MM2HCAは、外国人駐在員向けサービスを提供するTEGメディアおよびクアラルンプール日本人会(JCKL)とともに調査を実施。TEGメディアがMM2H長期滞在ビザ取得者925人(主に欧米諸国出身者)を対象に行った調査では、「海外での収入要件を満たせる」としたのは21%、「定期預金額条件を満たせる」と回答したのは44%、「両条件を満たせる」と答えたのは約2.26%にとどまった。JCKLが日本人退職者799人を対象に行なった調査では、90%以上が海外での収入条件を満たしていなかった。
また別の調査では、新条件が適用された場合、55%がマレーシアから撤退する予定だと回答。
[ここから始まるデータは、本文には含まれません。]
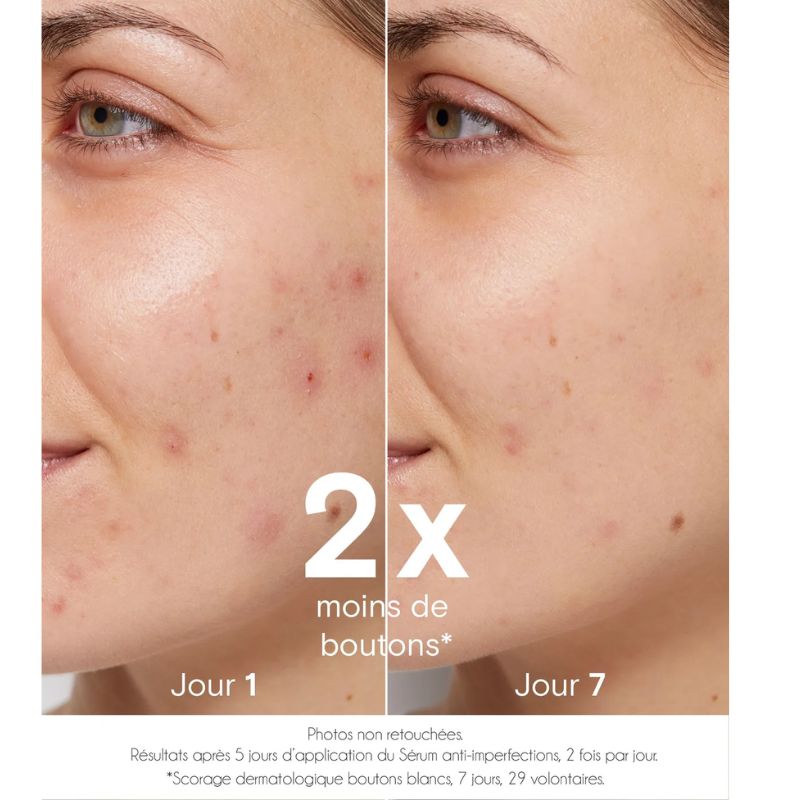 Sérum purifiant Anti-imperfections 30ml | Zinc et Acides de fruits BIO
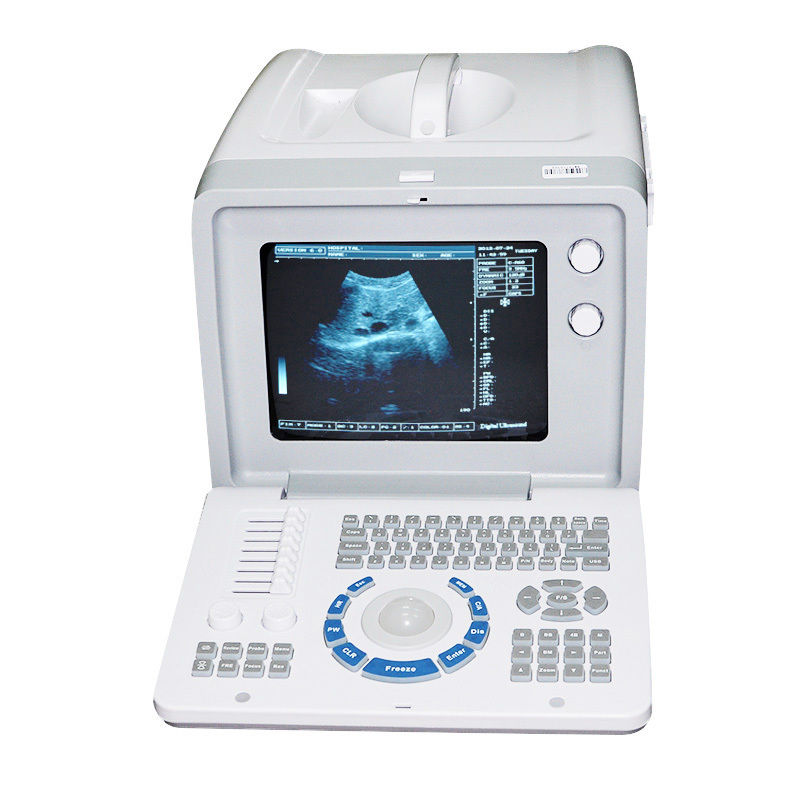 Profession Digital Ultrasound Scanner Convex Probe 3D software Optional Linear 190891927064 DIAGNOSTIC ULTRASOUND MACHINES FOR SALE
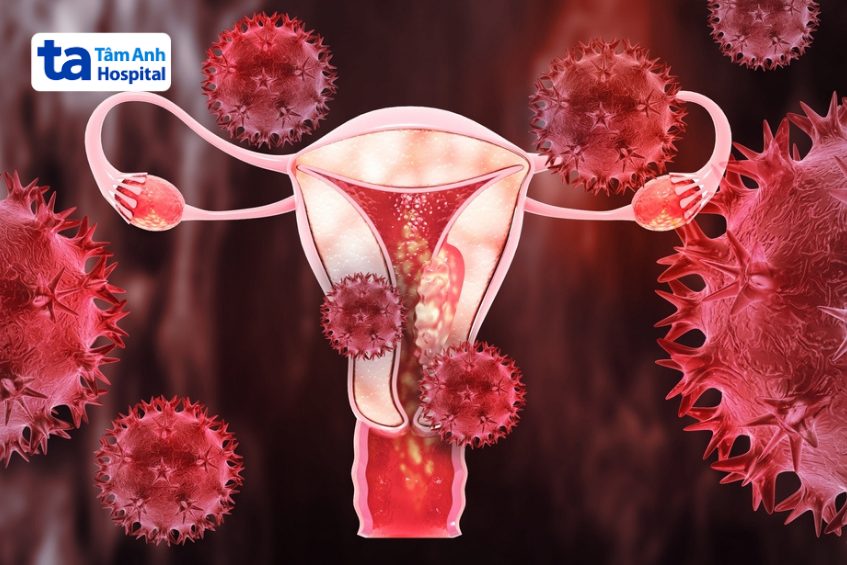 hpv type 18 nguyên nhân hàng đầu gây ung thư cổ tử cung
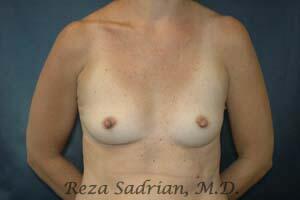 Breast Augmentation Before & After Image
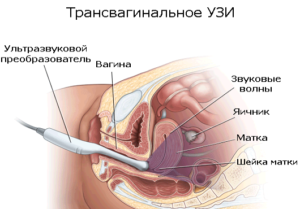 Ультразвуковое исследование на определение овуляции: разбираемся в тонкостях 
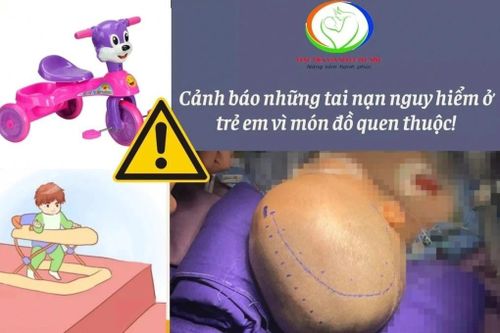 Bé 15 tháng tuổi tụ máu não do ngã xe 3 bánh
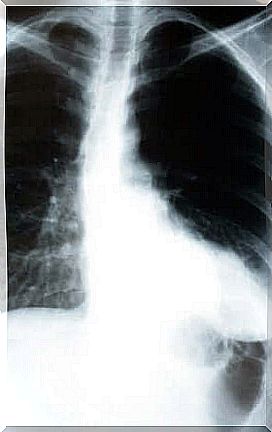 Detect silent pneumonia through an x-ray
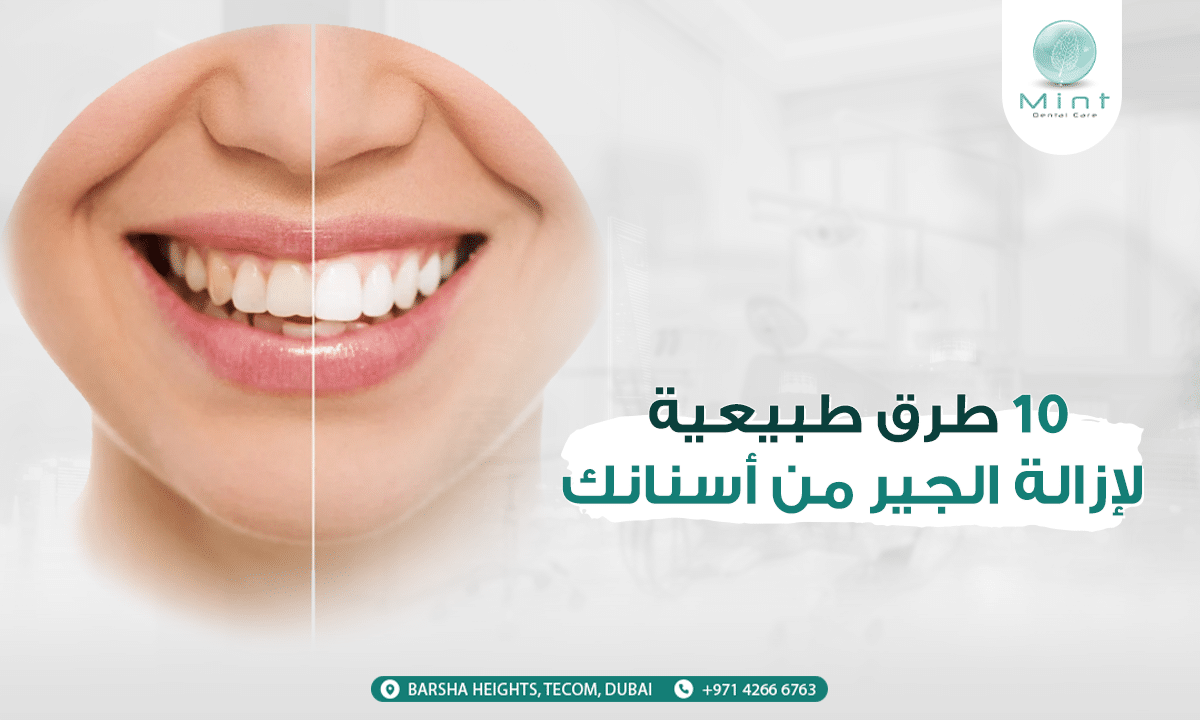 10 طرق طبيعية لإزالة الجير من أسنانك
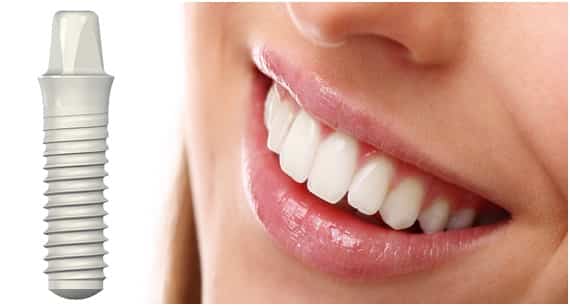 Dental Implants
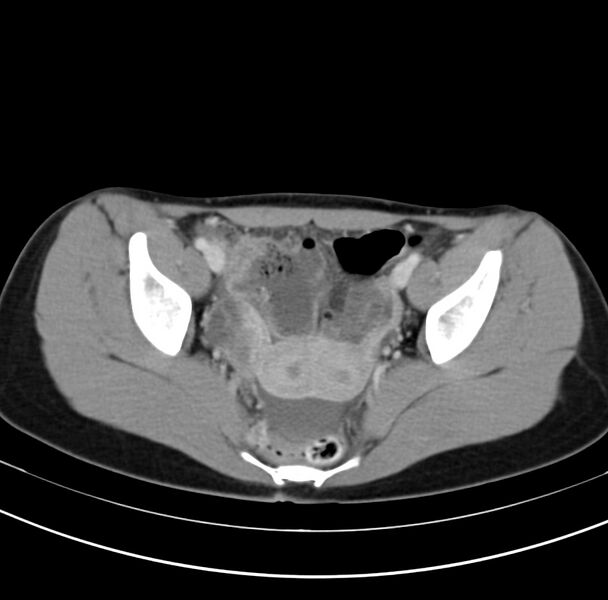 File:Appendicitis and incidental bicornuate uterus (Radiopaedia 22833-22853 B 40).jpg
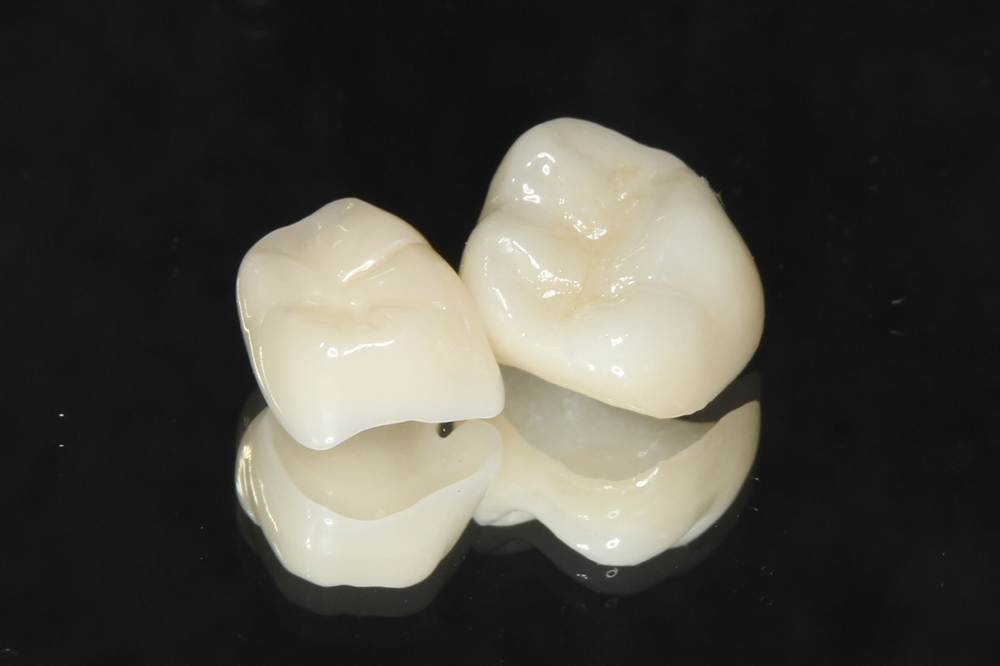 要望に合わせた素材をご提案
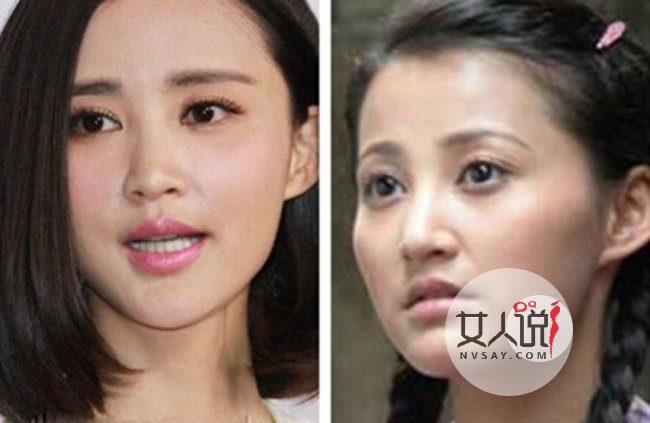 张歆艺整容前后对比照片 张歆艺和刘芸为什么翻脸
そのうち497人がタイに、145人がフィリピンに、119人がインドネシア・バリ島にそれぞれ移住すると答えた。
MM2HCAのアンソニー・リュー会長は、政府に対し、既存のMM2H長期滞在ビザ取得者に対しては新条件を適用しないよう求めた。長期滞在ビザ取得者の多くはマレーシアに居住し、経済にも貢献しているため、後から厳格化された条件を課すのは不公平だと主張。また、旧条件下で承認待ちだった5,396件の申請についても条件を変えず承認するよう求めた。申請が通れば、今後5年間で最大63億9千万リンギ相当の経済貢献が見込まれるという。